PROBLEM TO SOLVE: Write out every line below that contains "with".

+ + + + + + +

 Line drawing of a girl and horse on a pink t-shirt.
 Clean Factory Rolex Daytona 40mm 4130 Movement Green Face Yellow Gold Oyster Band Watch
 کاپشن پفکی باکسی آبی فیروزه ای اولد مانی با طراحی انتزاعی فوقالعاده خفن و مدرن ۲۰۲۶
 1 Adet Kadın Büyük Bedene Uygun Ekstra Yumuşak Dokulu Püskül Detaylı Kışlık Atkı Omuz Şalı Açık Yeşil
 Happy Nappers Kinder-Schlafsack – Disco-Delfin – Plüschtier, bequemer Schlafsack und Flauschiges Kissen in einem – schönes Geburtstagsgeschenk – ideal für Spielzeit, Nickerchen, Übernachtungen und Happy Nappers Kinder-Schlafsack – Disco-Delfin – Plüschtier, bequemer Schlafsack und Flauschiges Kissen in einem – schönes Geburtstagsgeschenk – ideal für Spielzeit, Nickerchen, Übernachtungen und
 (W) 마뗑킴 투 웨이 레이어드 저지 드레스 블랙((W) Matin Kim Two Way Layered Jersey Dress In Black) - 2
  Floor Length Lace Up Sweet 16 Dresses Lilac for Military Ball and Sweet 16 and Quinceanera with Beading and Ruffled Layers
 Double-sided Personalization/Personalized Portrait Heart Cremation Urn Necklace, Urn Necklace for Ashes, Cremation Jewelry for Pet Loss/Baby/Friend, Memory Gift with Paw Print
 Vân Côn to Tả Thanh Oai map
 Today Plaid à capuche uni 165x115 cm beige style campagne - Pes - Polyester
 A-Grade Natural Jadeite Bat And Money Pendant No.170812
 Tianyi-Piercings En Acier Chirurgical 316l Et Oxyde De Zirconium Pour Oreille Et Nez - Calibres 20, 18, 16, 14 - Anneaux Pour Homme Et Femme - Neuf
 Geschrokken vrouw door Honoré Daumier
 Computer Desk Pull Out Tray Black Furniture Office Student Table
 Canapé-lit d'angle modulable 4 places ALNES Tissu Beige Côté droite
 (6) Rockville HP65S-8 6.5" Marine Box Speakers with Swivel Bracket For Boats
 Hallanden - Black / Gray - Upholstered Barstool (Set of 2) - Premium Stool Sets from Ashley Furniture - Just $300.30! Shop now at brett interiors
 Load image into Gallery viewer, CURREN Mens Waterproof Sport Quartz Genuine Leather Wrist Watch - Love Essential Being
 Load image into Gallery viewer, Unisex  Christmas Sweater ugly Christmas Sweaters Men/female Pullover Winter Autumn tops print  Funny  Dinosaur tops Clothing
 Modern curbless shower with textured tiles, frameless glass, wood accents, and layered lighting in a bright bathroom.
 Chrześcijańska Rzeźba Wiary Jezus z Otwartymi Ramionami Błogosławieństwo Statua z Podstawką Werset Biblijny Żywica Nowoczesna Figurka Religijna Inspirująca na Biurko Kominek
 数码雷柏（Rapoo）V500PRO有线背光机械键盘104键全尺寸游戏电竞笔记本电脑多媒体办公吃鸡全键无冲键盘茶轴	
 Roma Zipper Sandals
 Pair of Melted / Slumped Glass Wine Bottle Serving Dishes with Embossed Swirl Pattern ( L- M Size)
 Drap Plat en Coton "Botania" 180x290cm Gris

+ + + + + + +

TASK SOLUTION:
  Floor Length Lace Up Sweet 16 Dresses Lilac for Military Ball and Sweet 16 and Quinceanera with Beading and Ruffled Layers
 Double-sided Personalization/Personalized Portrait Heart Cremation Urn Necklace, Urn Necklace for Ashes, Cremation Jewelry for Pet Loss/Baby/Friend, Memory Gift with Paw Print
 (6) Rockville HP65S-8 6.5" Marine Box Speakers with Swivel Bracket For Boats
 Modern curbless shower with textured tiles, frameless glass, wood accents, and layered lighting in a bright bathroom.
 Pair of Melted / Slumped Glass Wine Bottle Serving Dishes with Embossed Swirl Pattern ( L- M Size)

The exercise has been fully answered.